For each finding, include:
- Title — short, specific, and actionable.
- Severity — one of: Critical / High / Medium / Low.
- Disposition — one of: Blocker / Nice-to-fix / Follow-up ticket / Discussion. See the disposition table below. Severity says how bad it is; disposition says what should happen about it in this PR. They are not the same axis.
- Why it matters — the product, operational, or maintainability impact in plain terms.
- Location — exact file path and line number(s).
- Failure mode — the concrete failure mode, drift risk, observability gap, scenario gap, test-quality problem, or maintainability risk.
- Recommendation — a specific, implementable fix. Not "consider refactoring" — say what to do.
After the main findings, include two trailing sections:
- Lower-confidence concerns — things worth flagging but not fully verified from the code shown.
- Residual risk / missing verification — a brief summary of what wasn't verified, what runtime evidence would have helped, and any blind spots the review couldn't close.
Close the review with a Net-net section that lists, by disposition: what would block merge, what's nice-to-fix in this PR, and what should become follow-up tickets.
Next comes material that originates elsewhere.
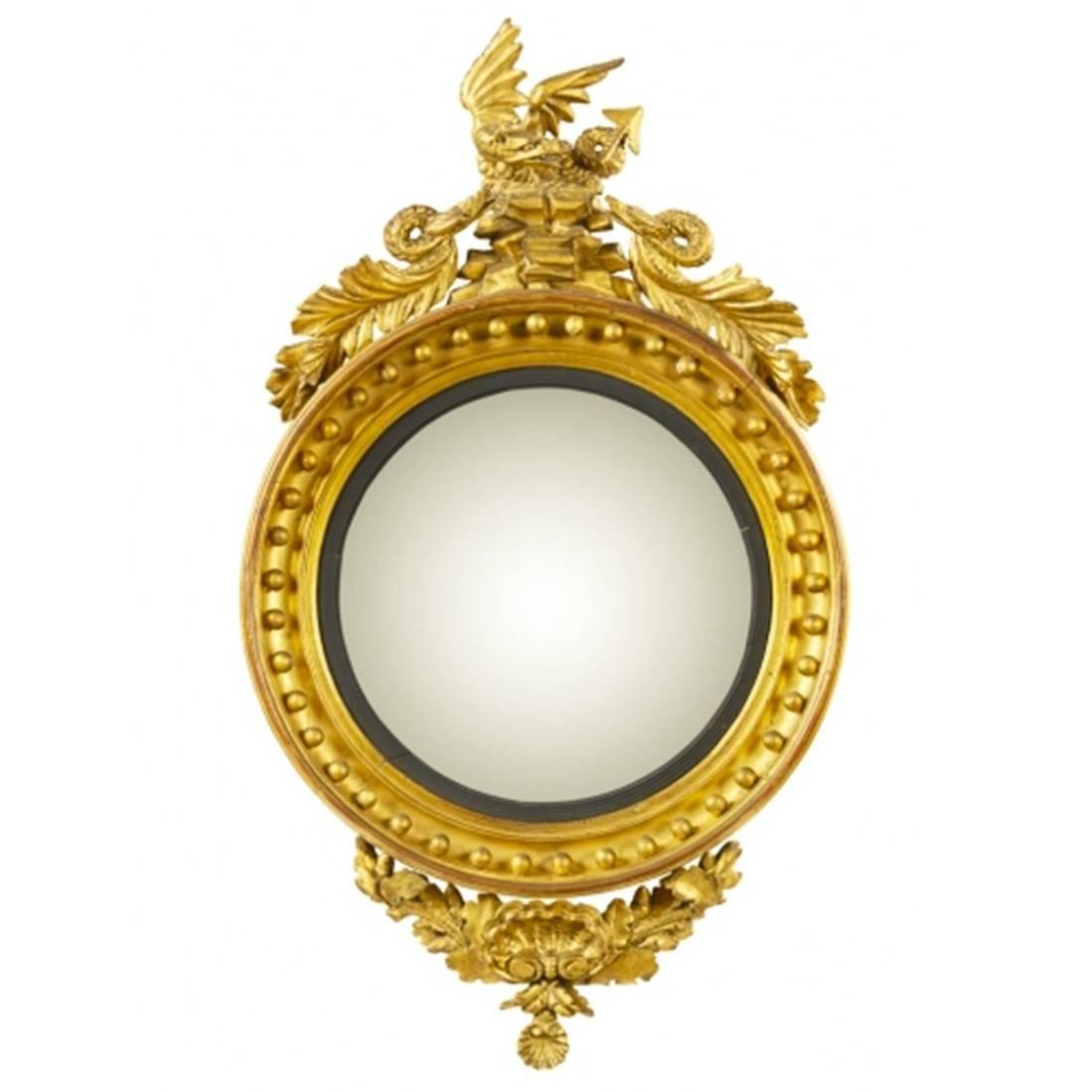 19th Century English Regency Giltwood Convex Mirror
This gives the PR author a clear one-screen triage.
If there are no findings, say so explicitly — and still call out any important testing gaps, runtime blind spots, or residual risks that were not fully verifiable.
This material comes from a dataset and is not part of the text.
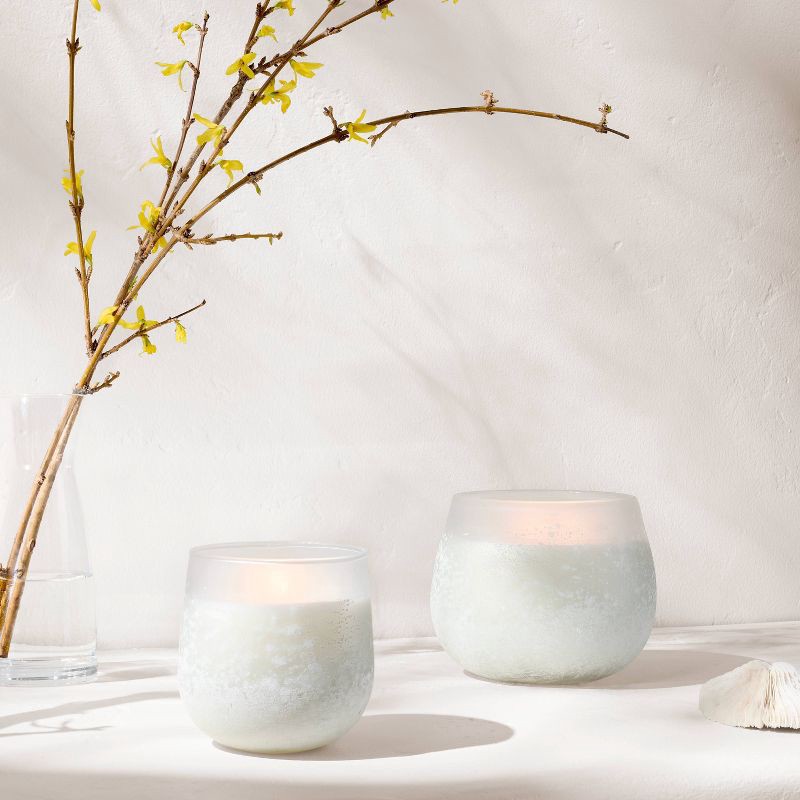 slide 2 of 5, 4-Wick Balance Fashion Salted Glass Wellness Jar Candle Light Blue 30oz - Casaluna™, 30 oz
Disposition framing — language templates
The framing language matters. A wall of blocker-tone comments makes every reviewer note feel like a gate, which makes authors defensive and slows merges. Use the table below to match tone to disposition. When authoring an inline PR comment (see Step 4), lead with the disposition phrase verbatim or paraphrased — it sets expectation immediately.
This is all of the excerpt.